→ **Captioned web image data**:
:::::

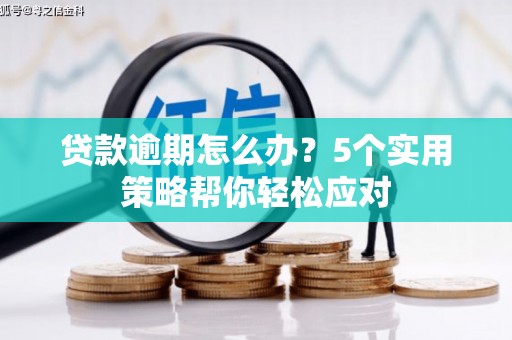 镇巴贷款逾期怎么办？5个实用策略帮你轻松应对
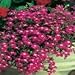 200 RED & White ROSAMOND LOBELIA Erinus Flower Seeds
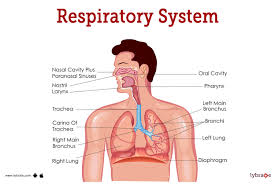 <p>respiratory system</p>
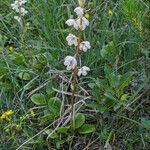 Pyrola rotundifolia Çiçek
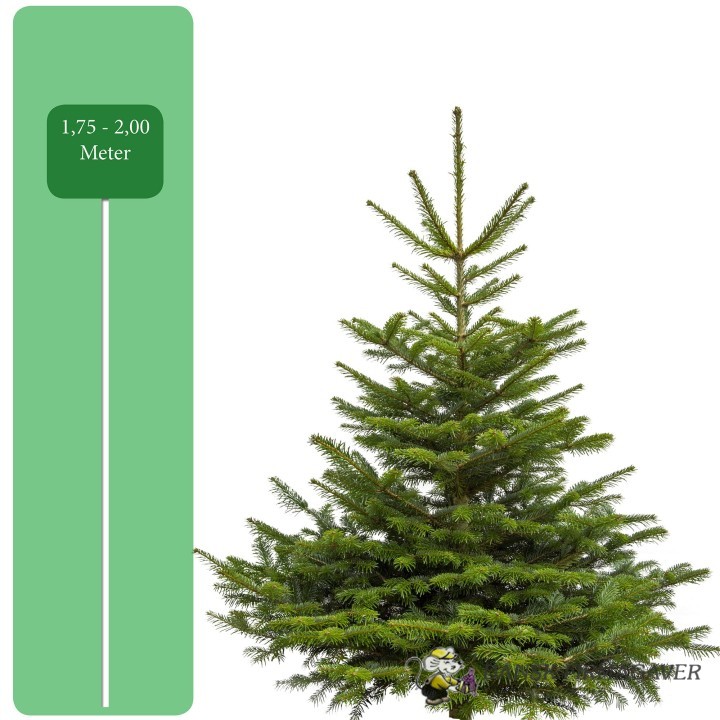 Juletræ -  Danskproduceret Nordmannsgran – M (1,75-2,00m)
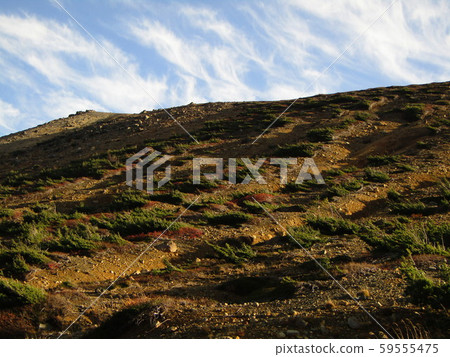 At Azuma Kofuji At Azuma Kofuji 59555475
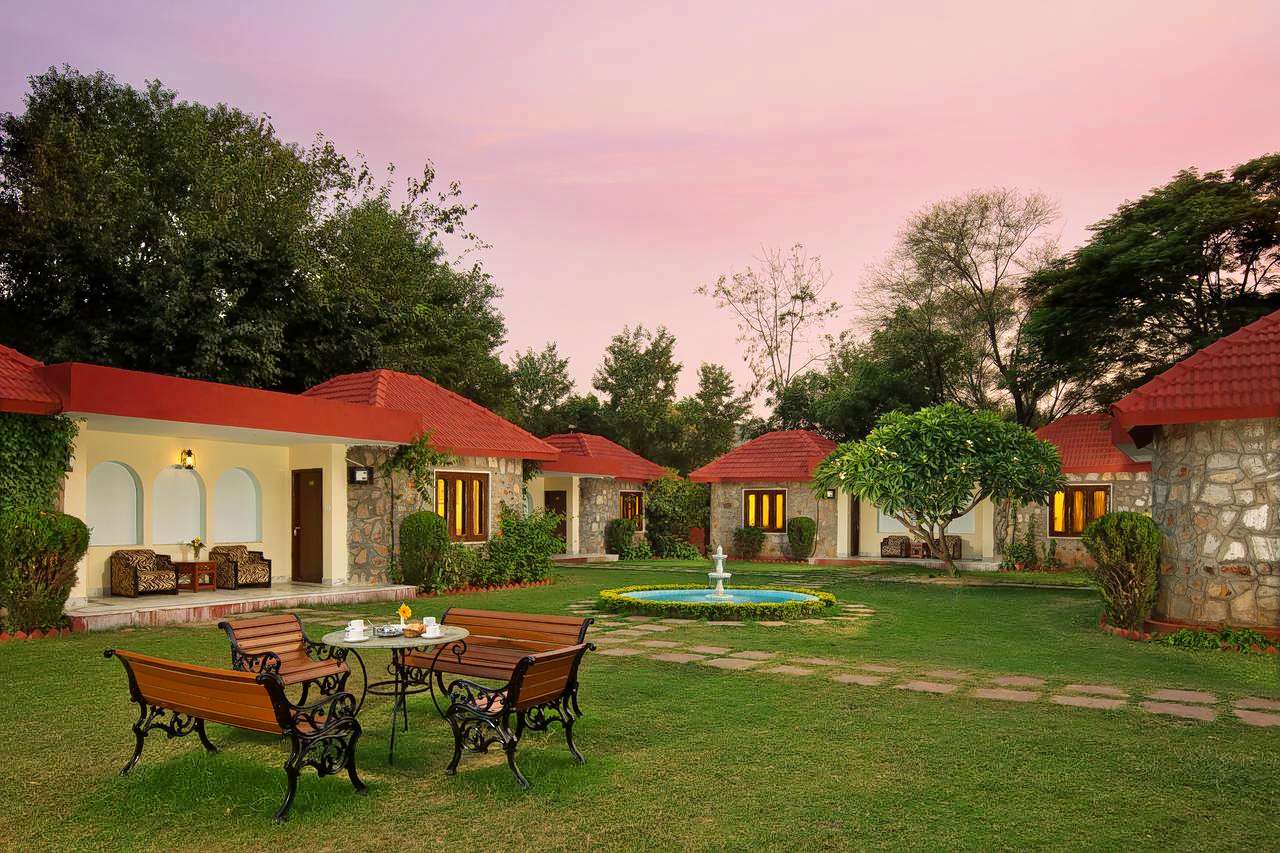 Sterling Sariska Image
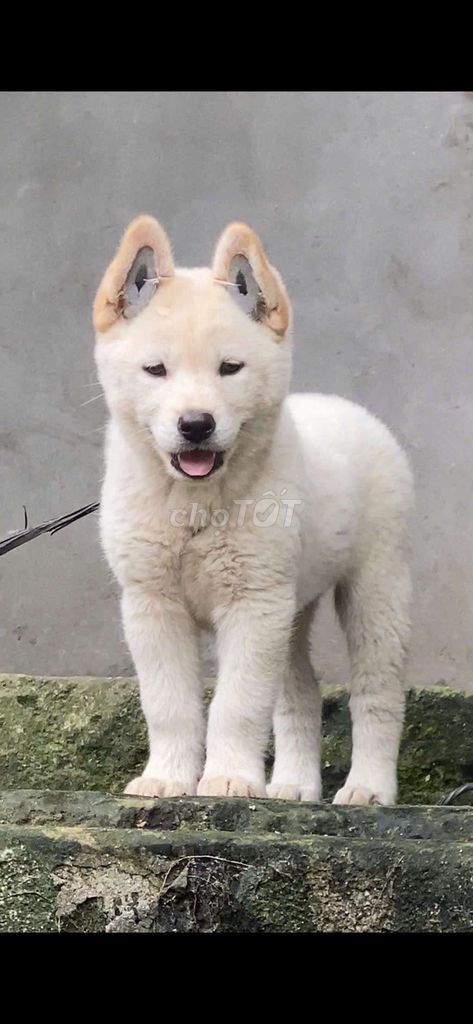 Chó đực màu trắng. Mua bán Chó tại Thành phố Thủ Đức Tp Hồ Chí Minh được đăng bởi cho H mong hình 1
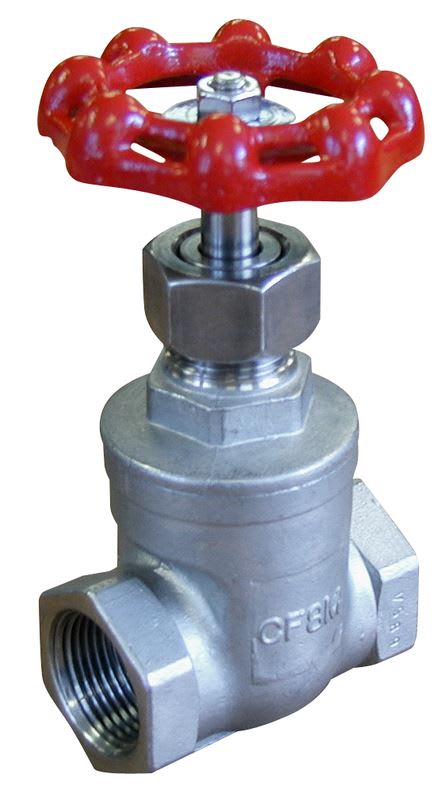 Stainless Steel Gate Valve 50mm BSPT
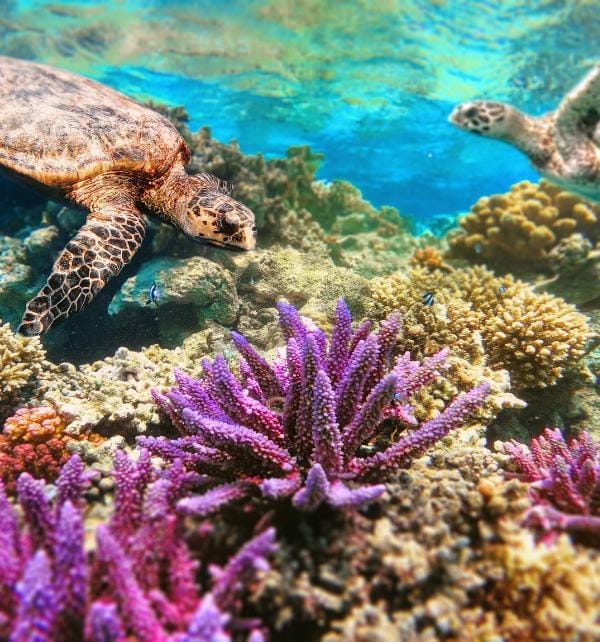 两只海龟在努沙佩尼达（Nusa Penida）清澈海水中游动，靠近多彩珊瑚和紫色海扇觅食的画面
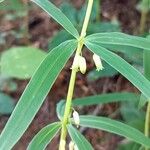 Polygonatum verticillatum Blodyn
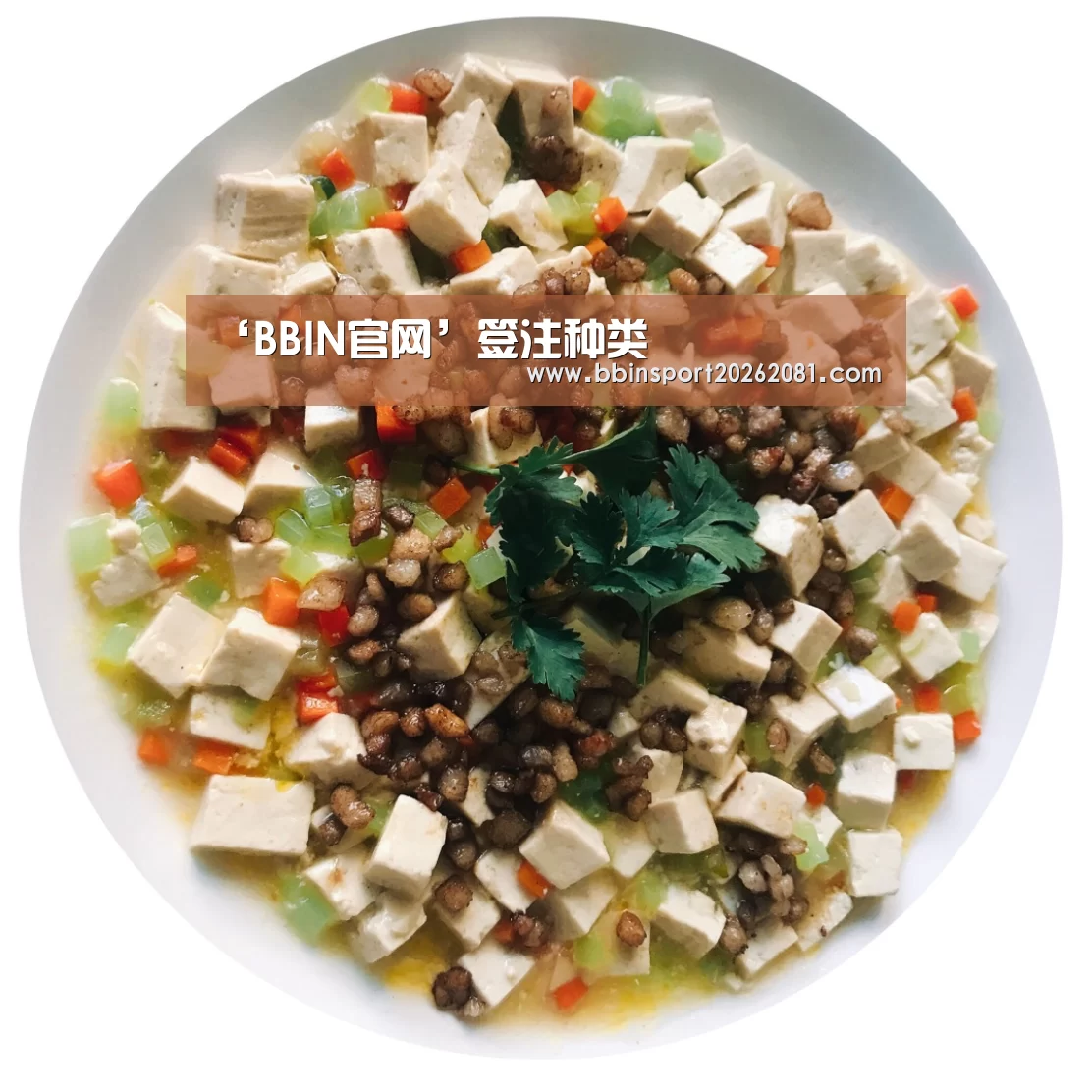 BBIN百家乐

:::::

→ **REQUIREMENT**: Repeat the full set of records exactly, and output no pictures.

→ **THE ANSWER**:
 镇巴贷款逾期怎么办？5个实用策略帮你轻松应对
 200 RED & White ROSAMOND LOBELIA Erinus Flower Seeds
 <p>respiratory system</p>
 Pyrola rotundifolia Çiçek
 Juletræ -  Danskproduceret Nordmannsgran – M (1,75-2,00m)
 At Azuma Kofuji At Azuma Kofuji 59555475
 Sterling Sariska Image
 Chó đực màu trắng. Mua bán Chó tại Thành phố Thủ Đức Tp Hồ Chí Minh được đăng bởi cho H mong hình 1
 Stainless Steel Gate Valve 50mm BSPT
 两只海龟在努沙佩尼达（Nusa Penida）清澈海水中游动，靠近多彩珊瑚和紫色海扇觅食的画面
 Polygonatum verticillatum Blodyn
 BBIN百家乐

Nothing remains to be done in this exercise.